→ **What you will do**: Before printing, remove every picture; then print the lines below exactly, from the first line through the line containing "Reformation Cynthia High".

→ **Recorded data**:
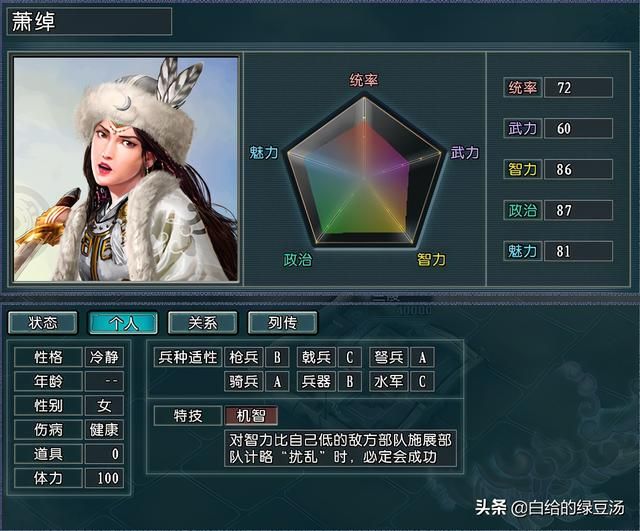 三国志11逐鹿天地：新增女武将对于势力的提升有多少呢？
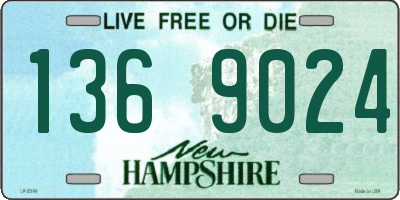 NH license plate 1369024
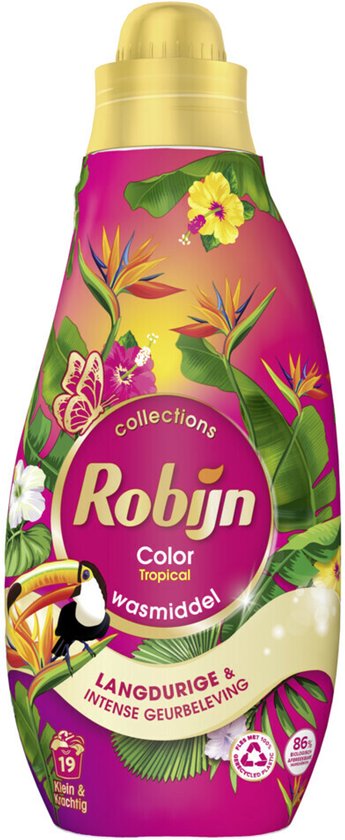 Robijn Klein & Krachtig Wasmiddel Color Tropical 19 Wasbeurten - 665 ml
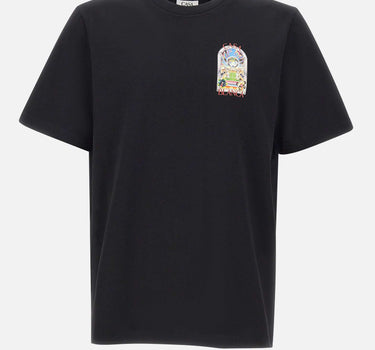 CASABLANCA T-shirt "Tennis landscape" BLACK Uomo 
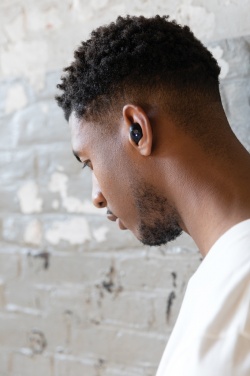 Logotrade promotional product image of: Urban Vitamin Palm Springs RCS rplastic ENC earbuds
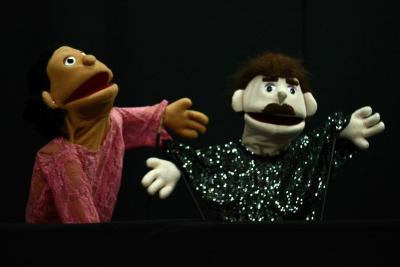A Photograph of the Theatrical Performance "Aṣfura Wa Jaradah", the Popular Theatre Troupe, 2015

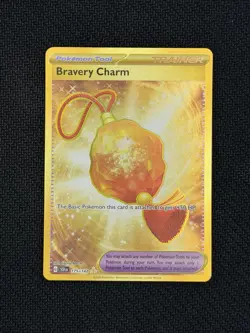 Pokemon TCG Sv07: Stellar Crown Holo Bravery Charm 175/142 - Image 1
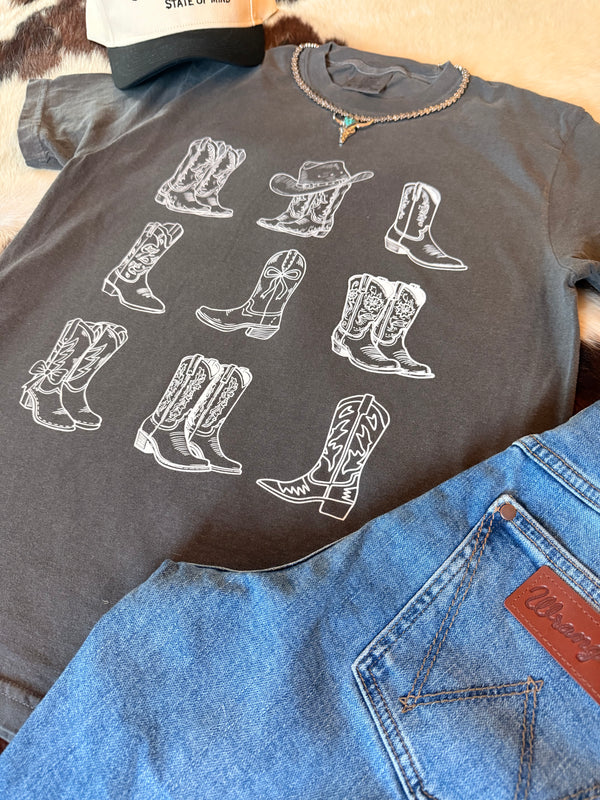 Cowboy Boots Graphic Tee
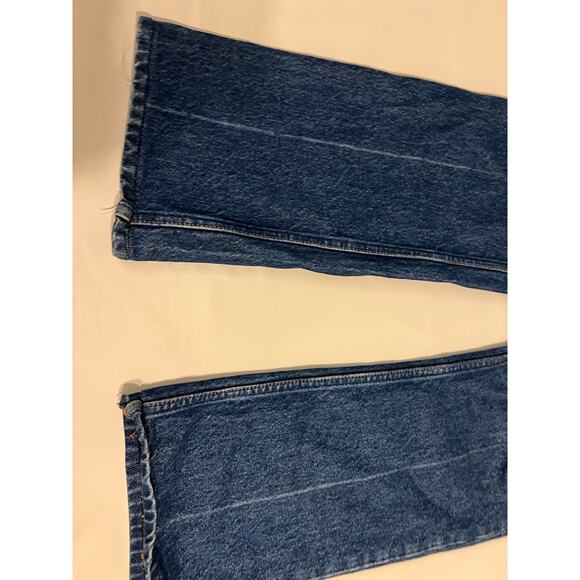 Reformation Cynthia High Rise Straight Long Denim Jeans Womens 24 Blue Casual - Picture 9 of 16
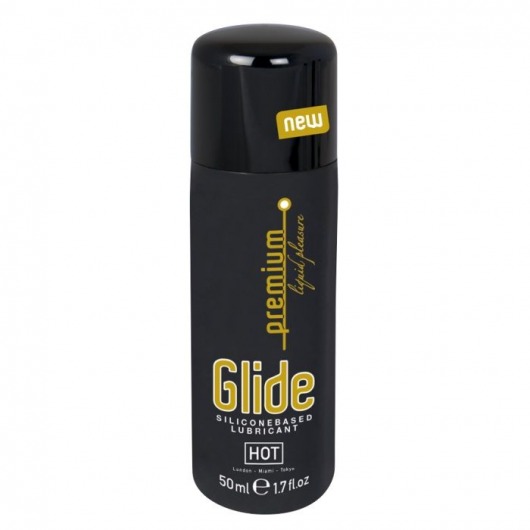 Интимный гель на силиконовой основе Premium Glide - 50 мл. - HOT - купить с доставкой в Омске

→ **Exercise solution**:
 三国志11逐鹿天地：新增女武将对于势力的提升有多少呢？
 NH license plate 1369024
 Robijn Klein & Krachtig Wasmiddel Color Tropical 19 Wasbeurten - 665 ml
 CASABLANCA T-shirt "Tennis landscape" BLACK Uomo 
 Logotrade promotional product image of: Urban Vitamin Palm Springs RCS rplastic ENC earbuds
A Photograph of the Theatrical Performance "Aṣfura Wa Jaradah", the Popular Theatre Troupe, 2015

 Pokemon TCG Sv07: Stellar Crown Holo Bravery Charm 175/142 - Image 1
 Cowboy Boots Graphic Tee
 Reformation Cynthia High Rise Straight Long Denim Jeans Womens 24 Blue Casual - Picture 9 of 16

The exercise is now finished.